I don’t know how many people who called their pledges into Live 8 while the concerts were being telecast realized that they were essentially donating their money to Big Pharma, but that’s exactly what they were doing. Not content with being the most profitable corporations in the world (at least until the recent spikes in crude oil and gasoline prices put the big oil companies ahead of them), the giant pharmaceutical companies have persuaded millions of people worldwide to give them money, albeit through the fig leaf of non-governmental organizations (NGO’s) shilled for by rock stars like Bono, to buy AIDS drugs for countries whose real health problems could be solved at a fraction of the cost. What the countries being ballyhooed as the sites of the next big AIDS epidemics actually need are clean water, sanitation, cheap generic antibiotics for the diseases that really threaten them — especially tuberculosis and malaria — and a health infrastructure to offer their people basic care.
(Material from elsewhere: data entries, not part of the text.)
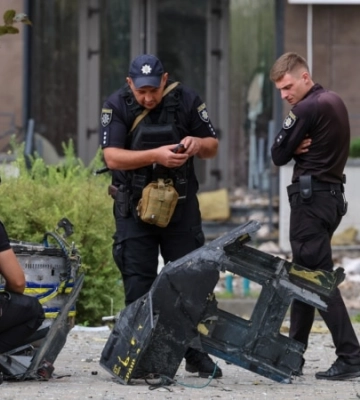 У Києві уламки російських дронів упали в трьох районах: є постраждалі (оновлено)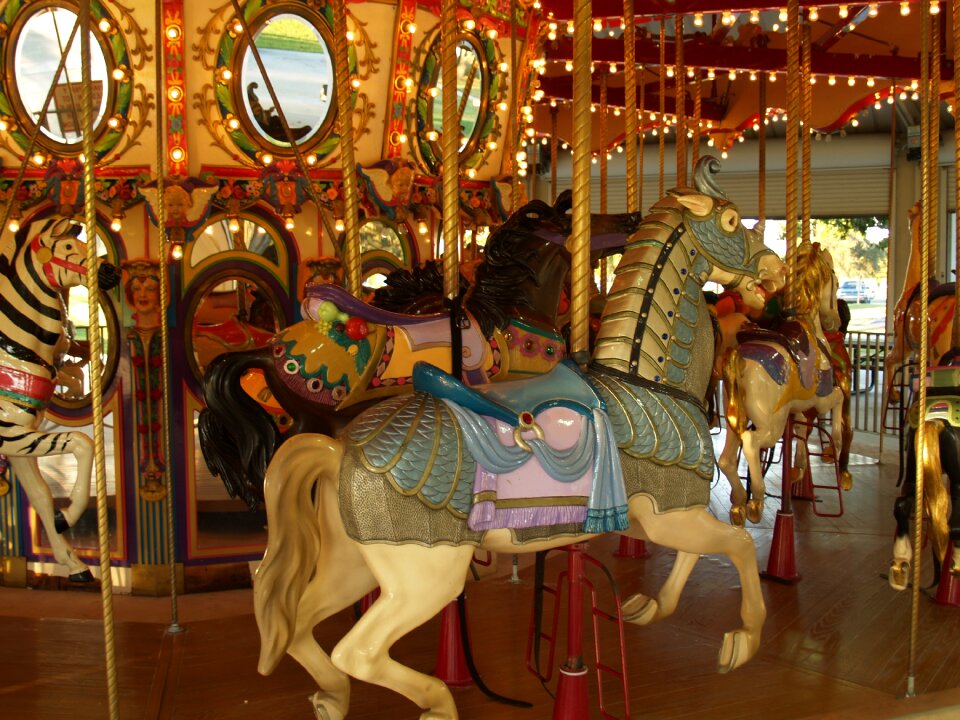 Amusement park ride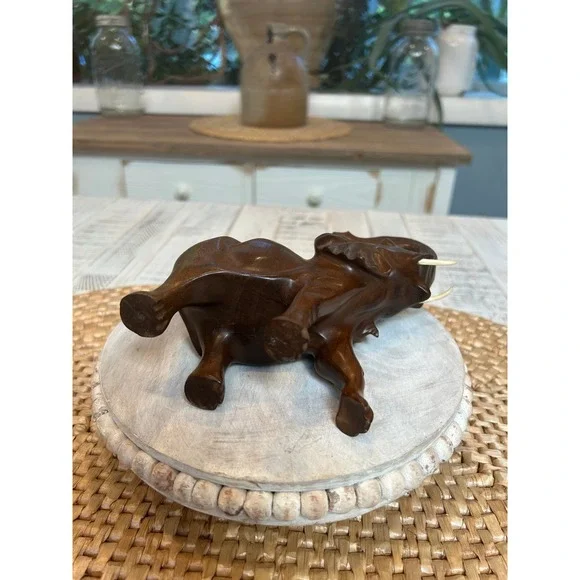 Vintage hand carved elephant with tusks. - Picture 5 of 7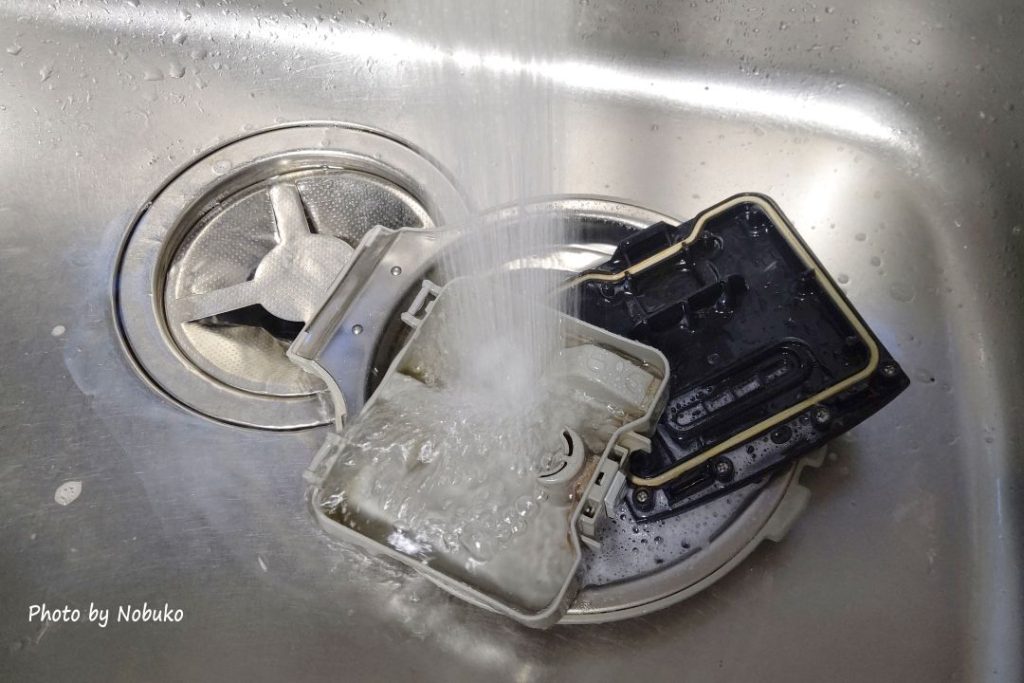 炊く_2回目炊飯後_蒸気口の部品とふたを水洗いして付着した小豆を除去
On one level, the AIDS industry at 25 looks like an unstoppable juggernaut, still maintaining its appearance of omnipotence and its ability largely to silence its scientific and activist critics. It’s still making enormous amounts of money for its constituencies — the scientists being paid to research HIV, the organizations receiving government grants to “educate” people to get tested and take the drugs, and above all the drug companies who’ve made a killing (figuratively and literally) on selling the meds. On another level, though, AIDS is dying of sheer disinterest. None of the hysterical predictions that AIDS would be a pandemic of such proportions that it could threaten the very existence of the human race have come anywhere close to coming true — indeed, that part of the AIDS hype has quietly been transferred to avian flu and other newer, scarier pandemic hypes. The AIDS scare is ending the way T. S. Eliot said the world would — not with a bang, but a whimper — and it’s highly unlikely that those of you who are still around in 2031 will see anywhere near the recent hype when “AIDS at 50” rolls around.